Le report à la rentrée du plan pauvreté, issu d'une concertation lancée en grande pompe fin 2017, suscite jeudi la déception d'associations et des critiques sur la "communication désastreuse" du gouvernement, qui a semblé lier le calendrier de ce dossier aux résultats de l'équipe de France au Mondial.
"Un très mauvais signal". Pour Éric Pliez, président du Samu social de Paris, le report à la rentrée de la stratégie pauvreté, une série de mesures qui devaient être présentées la semaine prochaine, est "très décevant".
Annoncée en octobre lors d'un déplacement d'Emmanuel Macron dans une crèche, l'élaboration d'un plan de lutte contre la pauvreté - qui touche 14% de la population - avait conduit à la nomination d'un délégué interministériel à la pauvreté, Olivier Noblecourt, et au lancement d'une grande concertation.
En mars, six groupes de travail avaient remis au gouvernement 110 propositions pour "lutter contre le déterminisme social". Mais depuis, la présentation se faisait attendre.
"On nous a dit mai, puis juin, puis juillet, maintenant septembre.
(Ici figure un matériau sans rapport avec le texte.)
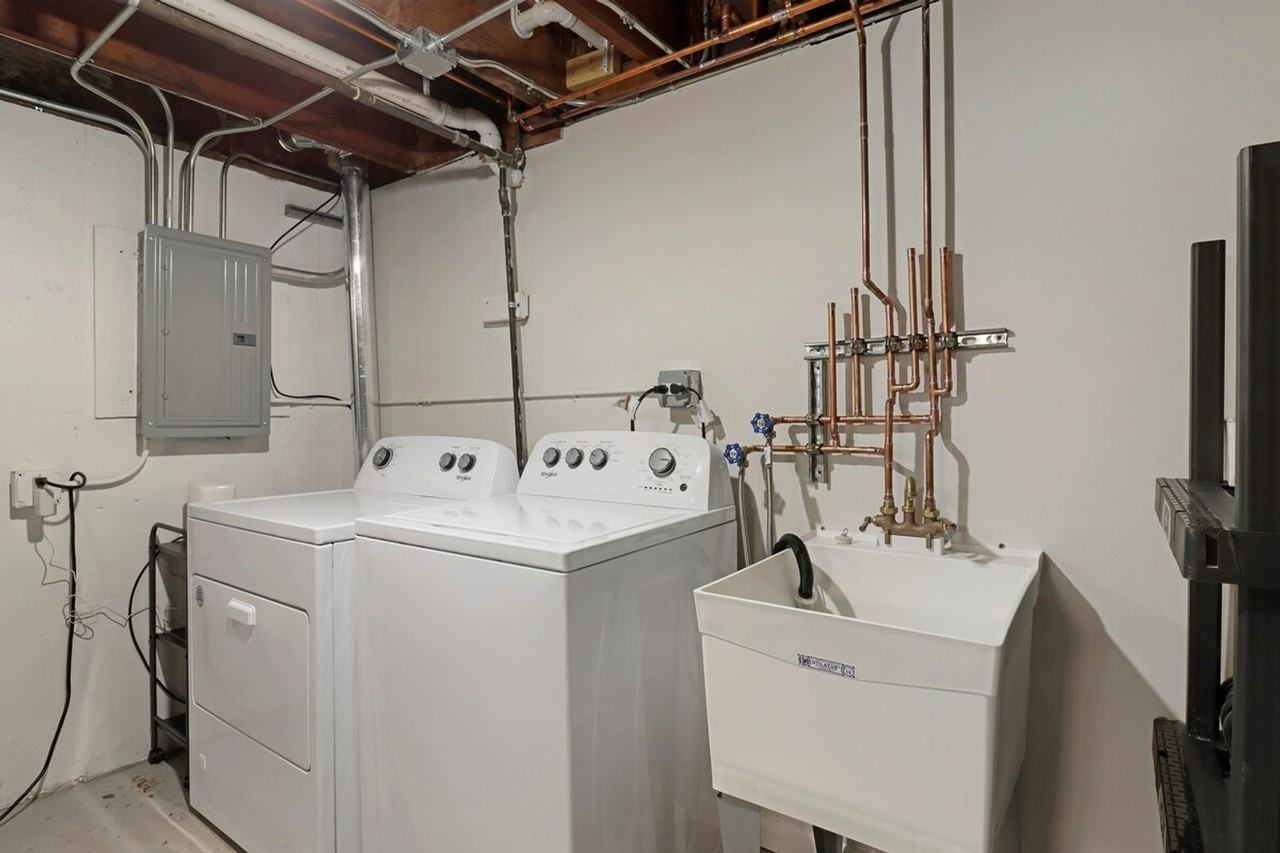 2248 Linden Ave #1569688P - Photo 5 of 15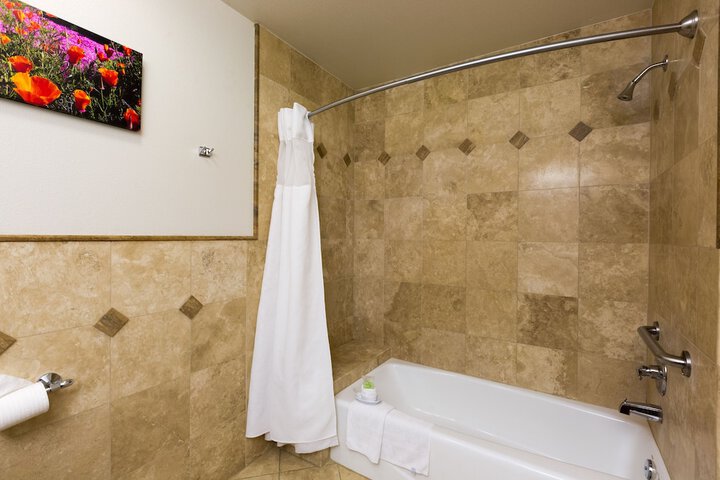 Room 6 of 47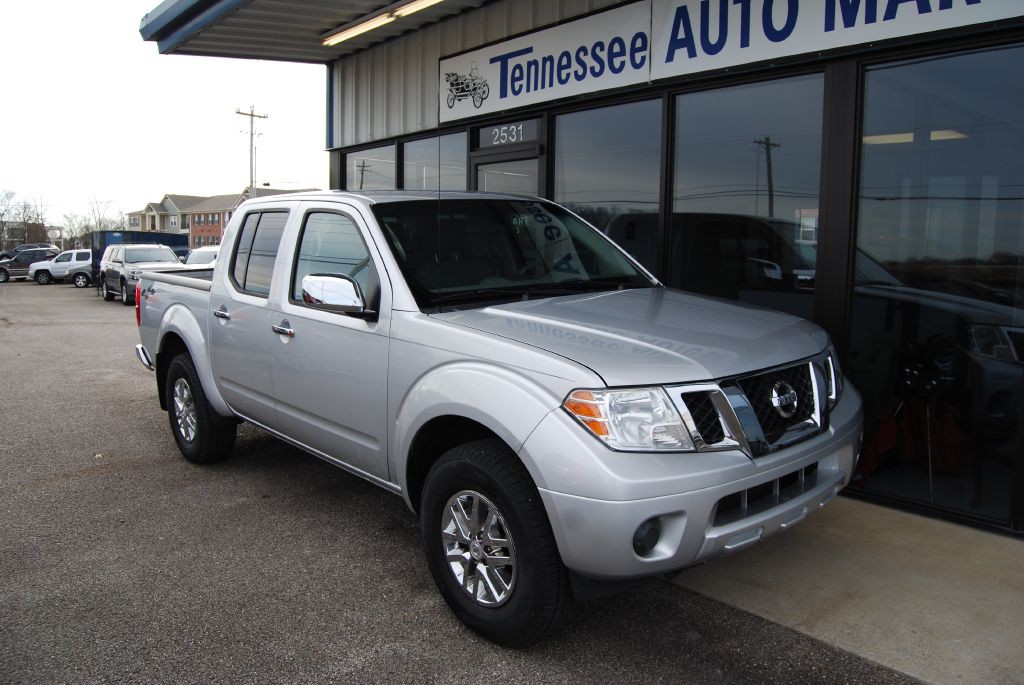 2021 Nissan Frontier Image 2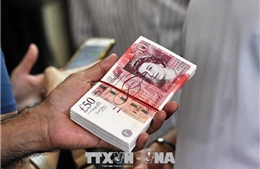 Sử dụng tiền mặt mất dần chỗ đứng ở London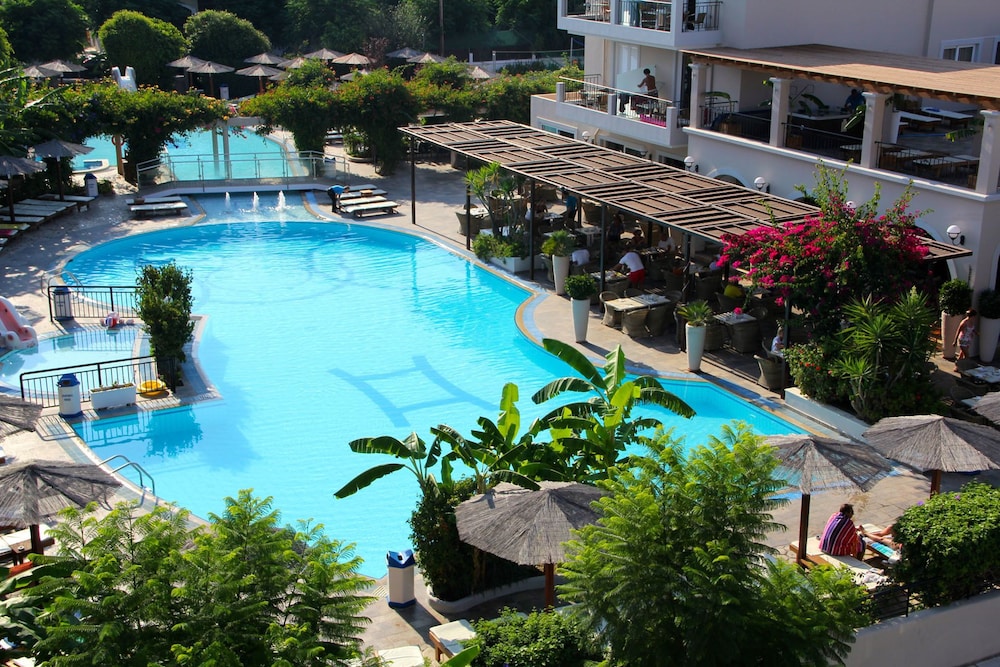 Peridis Family Resort - zdjęcie 3
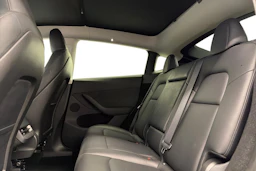 Valkoinen Tesla Model Y 2023 kuva 8.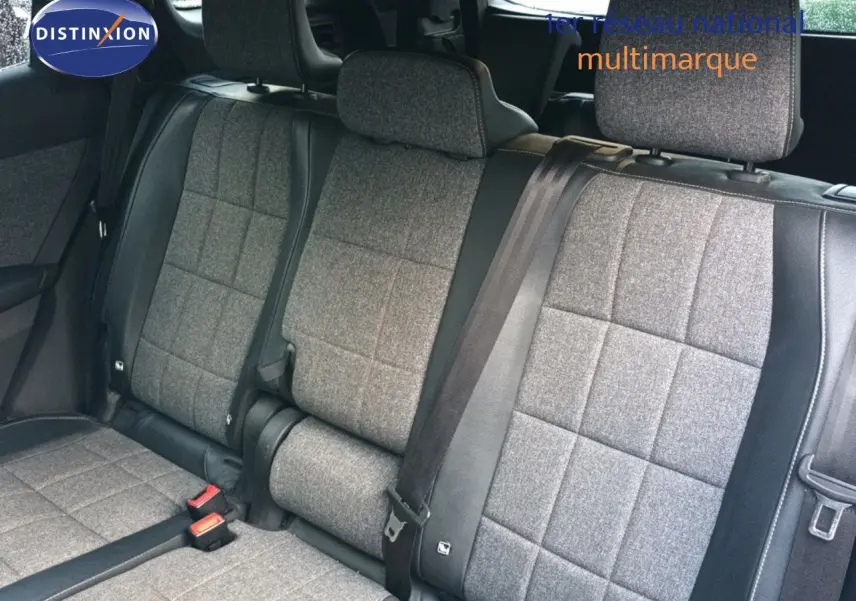 Vue intérieure sur la banquette arrière en tissu gris avec surpiqûres noires du Renault Espace VI hybride 2024.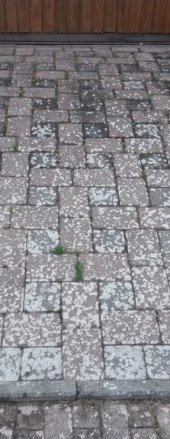 Hofeinfahrt vor der Reinigung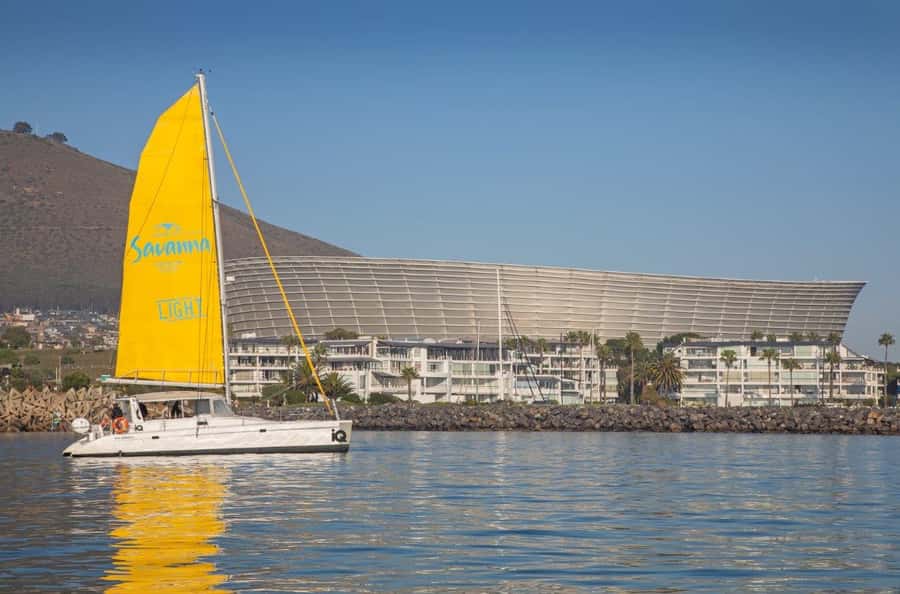 Cape Town: V&A Waterfront Gin Voyage Cruise - Crew service, music, and the mood onboard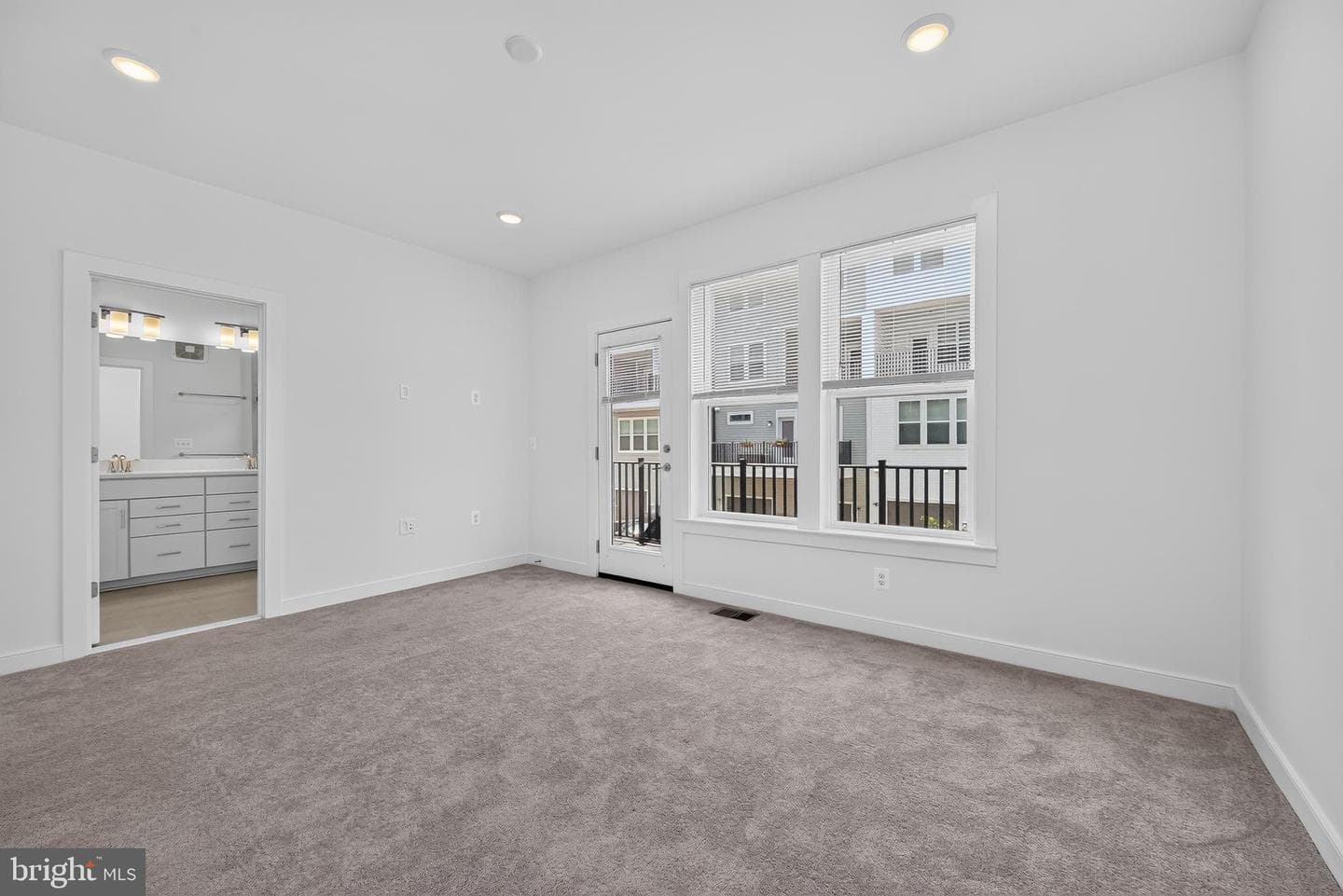 16184 Frederick Road photo 35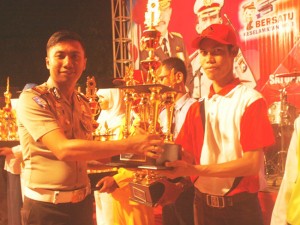 Kasatlantas Polres Pasuruan, AKP Hendro Gunawan memberika hadiah pada salah satu juara yel-yel tertib lalu lintas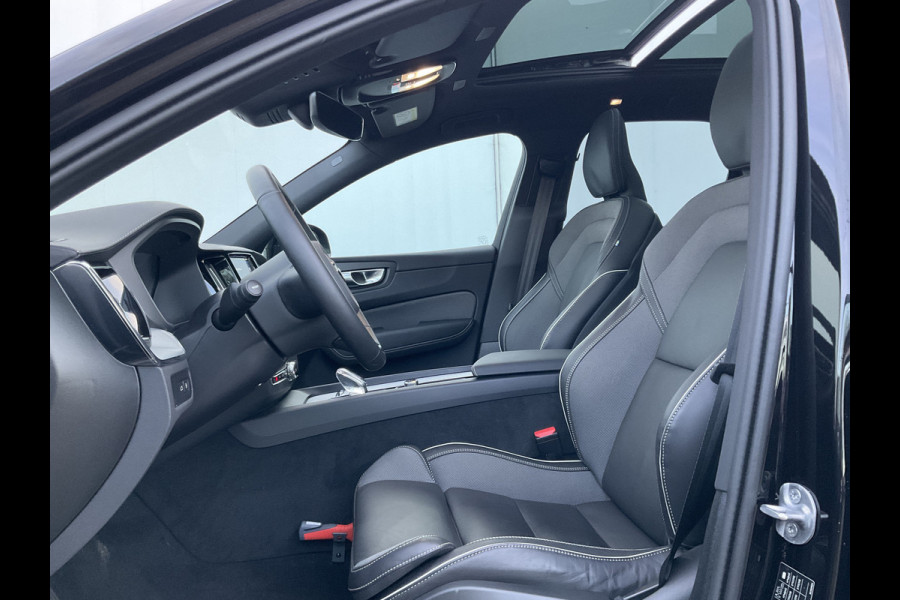 Volvo XC60 2.0 T8 456PK Plug-in hybrid AWD Ultra Black Edition Orig.NL Pano HUD Memory Carplay Trekhaak Harman/Kardon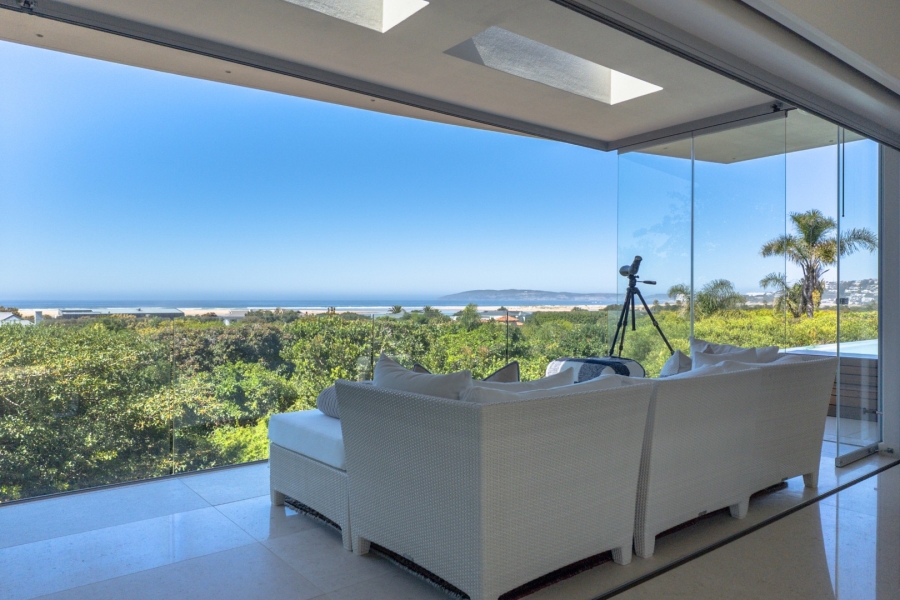 6 Bedroom Property for Sale in Keurbooms River Western Cape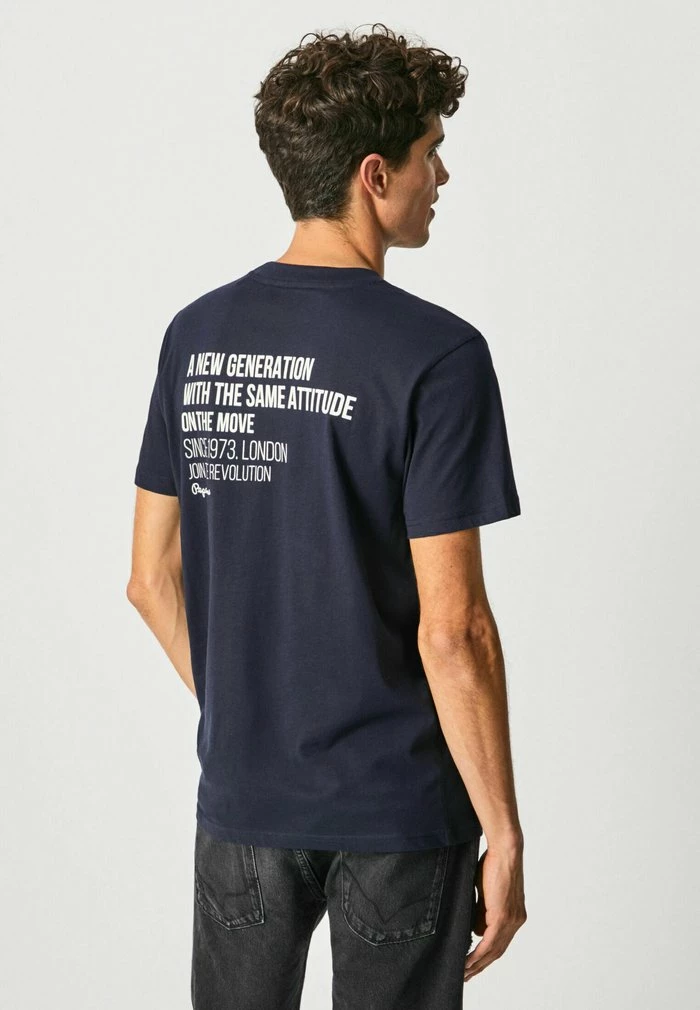 Pepe Jeans ALEJO - T-shirt Imprimé - Airforce Blau 3 Pepe Jeans ALEJO - T-shirt Imprimé - Airforce Blau – Image 3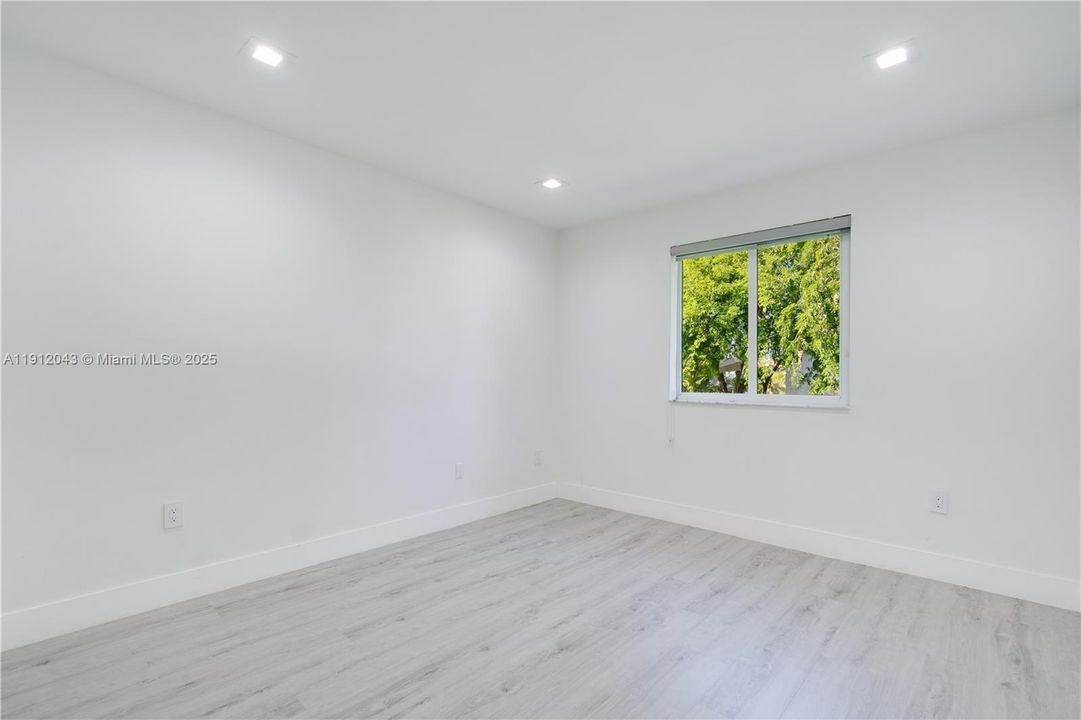 Activo con contrato: $5,000 (4 camas, 3 baños, 2104 Pies cuadrados)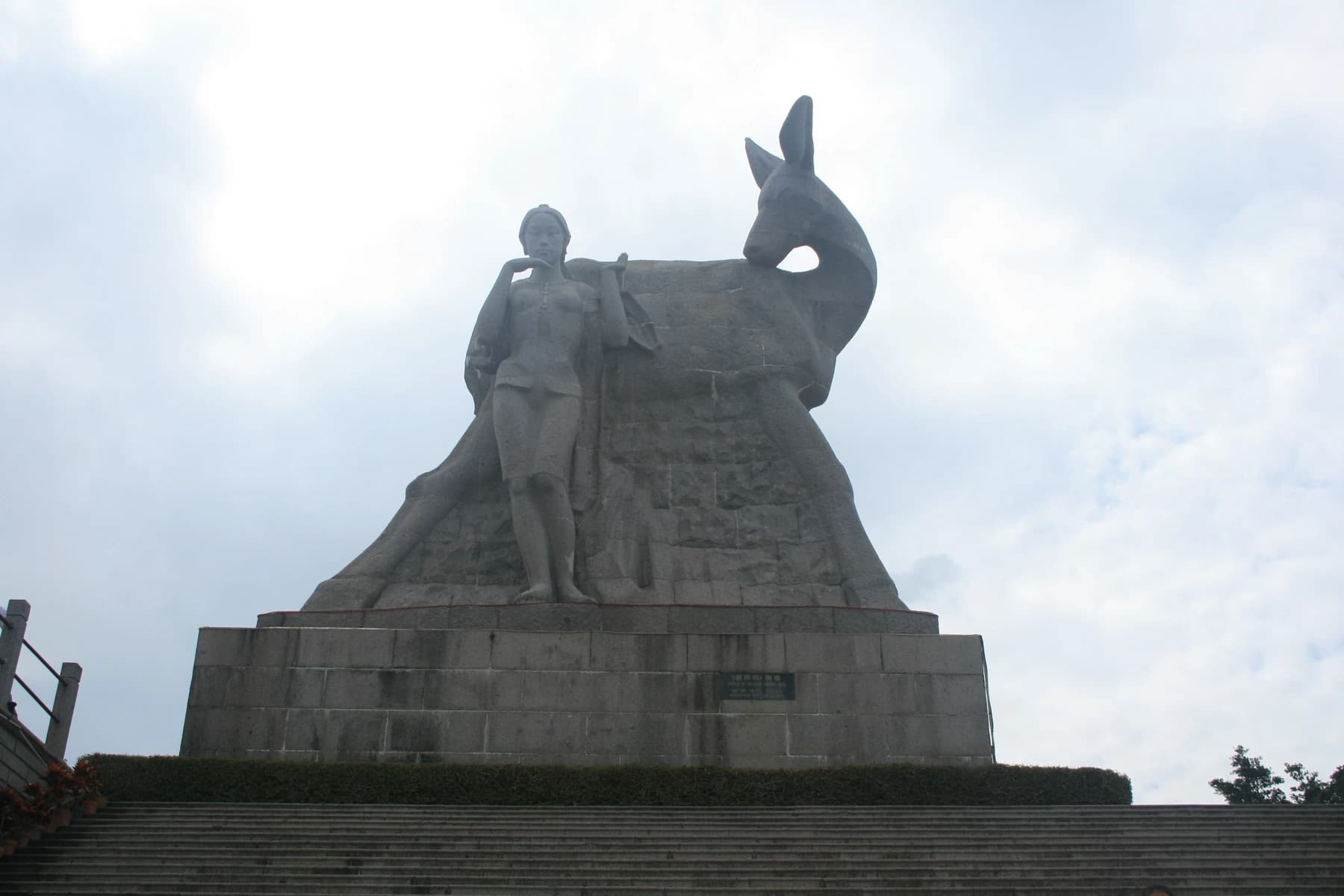 Escultura del ciervo que mira hacia atrás en Luhuitou Park, Sanya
On est en droit d'être déçus", explique à l'AFP M. Pliez.
Au sortir d'un déjeuner à l'Élysée autour de la question de la protection sociale, Véronique Fayet, présidente du Secours catholique, a assuré à l'AFP qu'Emmanuel Macron donnerait "quelques éléments de cadrage" du futur plan lundi, dans son discours devant le Congrès.
Elle a regretté que les associations aient été "pressées" de rendre leur copie dès le 15 mars alors que les annonces seront finalement faites "près d'un an" après le début de la concertation. "On aurait eu plus de temps pour approfondir", reconnaît-elle.
"On sait qu'un plan d'envergure coûte cher et qu'il faut aller chercher de l'argent, mais après les déclarations sur les aides sociales et le +pognon de dingue+, nous sommes peu confiants", tranche M. Pliez.
Selon une source gouvernementale, le report est dû à des "arbitrages" manquants et des sujets restants "à approfondir".
Mais mercredi, c'est le rapprochement du calendrier de cette présentation avec celui du parcours des Bleus au Mondial de football qui a soulevé les critiques.
- Une com' "désastreuse" -
"Nous verrons si l'équipe de France est en demi-finale ou pas", avait annoncé la ministre des Solidarités Agnès Buzyn, en évoquant une question de "disponibilité" d'Emmanuel Macron, qui s'est engagé à aller en Russie soutenir les Bleus s'ils arrivaient à ce stade de la compétition.
"Le football n'est évidemment pas la seule raison pour un report. Mais c'est sûr qu'on ne fait pas une annonce de cette ampleur un jour de foot", a tempéré la source gouvernementale.
"Placer le foot avant les sujets de fond, en termes de communication, c'est désastreux", juge François Soulage, président du collectif Alerte.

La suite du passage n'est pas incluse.